First on stage is Gasoline Thrill who are a woman down this evening as guitarist Martha had to attend to a personal matter. Stepping up to the plate is Dave on guitar and you can tell the band aren’t particularly comfortable with the last minute line-up change. Gasoline Thrill play a sort of punk/hard rock hybrid that’s perfectly serviceable but they needed to bolster their songs with better choruses to give the audience something to latch onto. Their performance was a bit static as well. Vocalist and guitarist Samara began to loosen up as the set went on but the awkward request to get the audience to help sing a part of one of their songs with them was a bit of a strange one. I think most people in the audience were new to the band (as is generally the case with support acts) so the forced crowd participation just felt like the band were clutching at straws in a desperate attempt to win people over. I appreciate being the opening band on a bill is a tough gig, but Gasoline Thrill need to work on making their music more memorable and putting on an engaging performance.
Hearts Under Fire
It was apparent by the end of Hearts Under Fire’s first song why they were chosen as main support. The four ladies played an absolute stormer with their early Fall Out Boy-meets-Paramore shtick and their lead guitarist was just electric to watch. It was great to see such a young band attract some seriously dedicated fans who held onto every word of tonight’s performance. Hearts Under Fire are a seriously tight act with an enormous sound and it’s supported by an absolutely thrilling performance that made for some seriously intense viewing. It says a lot about the band that the moment they finished I rushed to the merch table and bought their EP. I can’t recommend Hearts Under Fire enough. Make sure you see them if they roll through your town in the near future.
It’s quite bizarre to think a band can be inactive for ten years and then come back and play a show and not even be in their thirties yet. Sugarcoma were incredibly young when they were originally active and it just goes to show how good their song-writing was that they can come back tonight (after walking on stage backed with the Jurassic Park theme no less) and get an audience singing and moshing. Sugarcoma might not have been the biggest band in the world but it’s clear they had fans that truly cared about them and when ‘What Goes Around’ kicks in the energy in the room ignites.

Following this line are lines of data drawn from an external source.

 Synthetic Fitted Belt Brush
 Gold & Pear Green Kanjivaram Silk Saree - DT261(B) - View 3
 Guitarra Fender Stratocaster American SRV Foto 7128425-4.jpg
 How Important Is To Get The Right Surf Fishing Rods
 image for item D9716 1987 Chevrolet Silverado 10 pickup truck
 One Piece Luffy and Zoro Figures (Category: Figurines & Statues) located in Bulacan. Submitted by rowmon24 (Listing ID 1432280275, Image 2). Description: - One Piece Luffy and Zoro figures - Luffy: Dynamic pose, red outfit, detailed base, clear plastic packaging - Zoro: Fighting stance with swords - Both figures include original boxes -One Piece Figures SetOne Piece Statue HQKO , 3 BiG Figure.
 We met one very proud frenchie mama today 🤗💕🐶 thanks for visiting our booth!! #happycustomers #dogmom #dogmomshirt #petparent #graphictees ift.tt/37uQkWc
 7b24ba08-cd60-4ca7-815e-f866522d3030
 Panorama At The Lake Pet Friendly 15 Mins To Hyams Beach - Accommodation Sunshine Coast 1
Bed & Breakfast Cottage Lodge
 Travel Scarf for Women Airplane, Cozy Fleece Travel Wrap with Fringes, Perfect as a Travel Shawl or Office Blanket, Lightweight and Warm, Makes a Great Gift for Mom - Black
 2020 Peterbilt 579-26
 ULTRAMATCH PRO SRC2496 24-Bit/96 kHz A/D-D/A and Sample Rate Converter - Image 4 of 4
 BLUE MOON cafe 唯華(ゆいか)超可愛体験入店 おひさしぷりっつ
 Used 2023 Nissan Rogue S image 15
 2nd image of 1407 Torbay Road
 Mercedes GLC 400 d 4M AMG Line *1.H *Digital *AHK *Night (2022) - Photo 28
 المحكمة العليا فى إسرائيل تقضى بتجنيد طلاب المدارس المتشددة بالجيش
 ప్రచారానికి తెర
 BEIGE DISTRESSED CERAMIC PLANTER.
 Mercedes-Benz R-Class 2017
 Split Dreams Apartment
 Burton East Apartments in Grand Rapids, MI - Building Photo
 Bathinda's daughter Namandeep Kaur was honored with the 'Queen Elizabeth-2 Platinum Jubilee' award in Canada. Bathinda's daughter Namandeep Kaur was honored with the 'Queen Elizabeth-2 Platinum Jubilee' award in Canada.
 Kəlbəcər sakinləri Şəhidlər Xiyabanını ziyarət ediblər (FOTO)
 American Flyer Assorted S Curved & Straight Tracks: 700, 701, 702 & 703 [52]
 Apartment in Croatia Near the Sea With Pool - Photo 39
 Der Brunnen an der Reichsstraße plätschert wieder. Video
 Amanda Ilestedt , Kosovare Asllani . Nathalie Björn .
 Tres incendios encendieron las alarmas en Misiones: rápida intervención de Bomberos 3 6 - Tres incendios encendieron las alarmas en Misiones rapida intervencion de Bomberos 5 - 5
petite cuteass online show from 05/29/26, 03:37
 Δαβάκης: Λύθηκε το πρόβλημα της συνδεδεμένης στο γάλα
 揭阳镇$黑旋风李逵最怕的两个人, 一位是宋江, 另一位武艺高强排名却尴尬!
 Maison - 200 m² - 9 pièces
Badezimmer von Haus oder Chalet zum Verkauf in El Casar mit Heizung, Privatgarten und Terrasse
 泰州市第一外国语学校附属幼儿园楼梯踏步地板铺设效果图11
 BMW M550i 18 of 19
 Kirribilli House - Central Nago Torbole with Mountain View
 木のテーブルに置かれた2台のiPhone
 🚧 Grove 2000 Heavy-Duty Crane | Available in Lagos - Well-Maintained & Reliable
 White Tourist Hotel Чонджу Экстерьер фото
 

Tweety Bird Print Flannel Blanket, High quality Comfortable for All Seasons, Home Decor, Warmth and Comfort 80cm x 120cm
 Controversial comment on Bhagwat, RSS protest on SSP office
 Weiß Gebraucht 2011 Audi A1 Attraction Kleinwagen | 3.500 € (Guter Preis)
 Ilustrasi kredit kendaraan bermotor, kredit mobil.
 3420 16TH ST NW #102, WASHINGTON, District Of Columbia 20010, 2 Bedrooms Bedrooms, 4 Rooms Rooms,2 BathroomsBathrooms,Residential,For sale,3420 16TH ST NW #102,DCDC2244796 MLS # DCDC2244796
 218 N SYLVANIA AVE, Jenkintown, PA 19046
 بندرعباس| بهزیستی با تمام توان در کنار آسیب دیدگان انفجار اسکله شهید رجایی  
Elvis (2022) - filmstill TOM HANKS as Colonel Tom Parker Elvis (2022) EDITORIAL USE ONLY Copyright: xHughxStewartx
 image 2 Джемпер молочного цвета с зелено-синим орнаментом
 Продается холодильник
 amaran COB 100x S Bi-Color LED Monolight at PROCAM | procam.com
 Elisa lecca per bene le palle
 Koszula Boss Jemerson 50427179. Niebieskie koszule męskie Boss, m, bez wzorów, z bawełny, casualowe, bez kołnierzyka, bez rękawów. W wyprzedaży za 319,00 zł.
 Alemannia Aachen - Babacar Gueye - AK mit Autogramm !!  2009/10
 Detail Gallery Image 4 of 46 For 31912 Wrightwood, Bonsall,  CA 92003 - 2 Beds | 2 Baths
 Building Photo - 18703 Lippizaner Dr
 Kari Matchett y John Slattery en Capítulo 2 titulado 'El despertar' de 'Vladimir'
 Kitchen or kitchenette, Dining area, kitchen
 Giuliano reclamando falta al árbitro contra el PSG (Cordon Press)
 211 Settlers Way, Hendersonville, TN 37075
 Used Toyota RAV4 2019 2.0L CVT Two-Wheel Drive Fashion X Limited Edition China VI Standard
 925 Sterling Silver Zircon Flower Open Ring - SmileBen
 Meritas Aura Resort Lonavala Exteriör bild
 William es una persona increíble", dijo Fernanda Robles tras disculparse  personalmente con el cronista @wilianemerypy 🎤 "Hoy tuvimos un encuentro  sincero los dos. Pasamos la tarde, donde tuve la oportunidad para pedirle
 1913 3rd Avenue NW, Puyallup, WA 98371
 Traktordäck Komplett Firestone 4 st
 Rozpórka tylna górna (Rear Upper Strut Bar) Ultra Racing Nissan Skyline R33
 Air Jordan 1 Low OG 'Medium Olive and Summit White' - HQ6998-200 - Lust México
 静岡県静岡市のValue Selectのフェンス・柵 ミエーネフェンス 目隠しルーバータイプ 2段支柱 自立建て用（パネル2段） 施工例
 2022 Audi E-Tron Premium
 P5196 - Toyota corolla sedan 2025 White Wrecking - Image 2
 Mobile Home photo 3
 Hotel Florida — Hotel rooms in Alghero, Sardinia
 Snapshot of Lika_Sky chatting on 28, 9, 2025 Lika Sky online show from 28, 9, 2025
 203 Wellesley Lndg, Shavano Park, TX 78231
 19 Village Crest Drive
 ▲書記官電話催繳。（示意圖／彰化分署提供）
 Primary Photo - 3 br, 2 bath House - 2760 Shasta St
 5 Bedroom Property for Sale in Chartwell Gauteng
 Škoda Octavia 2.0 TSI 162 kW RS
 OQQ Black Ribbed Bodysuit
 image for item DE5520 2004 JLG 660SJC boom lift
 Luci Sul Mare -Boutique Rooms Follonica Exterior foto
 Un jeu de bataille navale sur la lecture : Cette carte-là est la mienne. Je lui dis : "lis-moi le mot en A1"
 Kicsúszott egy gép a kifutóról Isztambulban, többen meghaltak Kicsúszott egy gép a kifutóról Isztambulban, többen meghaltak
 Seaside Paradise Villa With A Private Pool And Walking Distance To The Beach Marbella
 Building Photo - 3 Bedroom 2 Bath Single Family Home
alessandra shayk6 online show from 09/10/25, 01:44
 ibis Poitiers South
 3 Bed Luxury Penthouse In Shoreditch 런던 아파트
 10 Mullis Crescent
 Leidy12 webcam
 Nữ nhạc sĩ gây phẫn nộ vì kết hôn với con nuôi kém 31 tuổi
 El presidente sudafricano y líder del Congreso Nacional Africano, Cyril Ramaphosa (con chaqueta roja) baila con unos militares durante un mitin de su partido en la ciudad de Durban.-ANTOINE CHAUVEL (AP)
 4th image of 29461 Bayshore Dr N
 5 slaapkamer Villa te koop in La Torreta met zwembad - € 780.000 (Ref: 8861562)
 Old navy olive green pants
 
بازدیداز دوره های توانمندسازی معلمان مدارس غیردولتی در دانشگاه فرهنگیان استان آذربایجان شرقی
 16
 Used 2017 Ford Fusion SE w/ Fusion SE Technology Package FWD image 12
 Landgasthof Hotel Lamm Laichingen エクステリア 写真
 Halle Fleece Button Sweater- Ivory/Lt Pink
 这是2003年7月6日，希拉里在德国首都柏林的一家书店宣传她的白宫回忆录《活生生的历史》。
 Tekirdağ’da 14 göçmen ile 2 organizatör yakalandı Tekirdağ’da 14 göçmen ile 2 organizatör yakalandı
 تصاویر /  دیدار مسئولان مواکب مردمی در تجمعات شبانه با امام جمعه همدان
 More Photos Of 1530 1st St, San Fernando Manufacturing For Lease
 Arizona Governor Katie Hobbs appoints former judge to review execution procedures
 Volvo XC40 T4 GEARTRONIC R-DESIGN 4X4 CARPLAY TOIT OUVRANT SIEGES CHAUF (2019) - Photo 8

This was a celebration of a band people really missed and there were some great surprises like the inclusion of ‘Bridges’ and ‘Goodbye Reality’ from the band’s 2004 demo. ‘Bridges’ was particularly special in that it really showcased what a brilliant vocalist Jess actually is as she ventured out of her usual range into something a bit higher which was fascinating to see. There was a bit of an awkward inclusion of ‘Zero Star’ without the rhythm section which resulted in the harmonies sounding off, but this was the only real disappointment of the evening. Sugarcoma’s farewell show felt like a proper send off and it was apparent that the band were doing it simply because they enjoy playing rock music and not because they were trying to make a quick buck like so many “reunion” shows tend to be. Farewell Sugarcoma and thanks for the memories.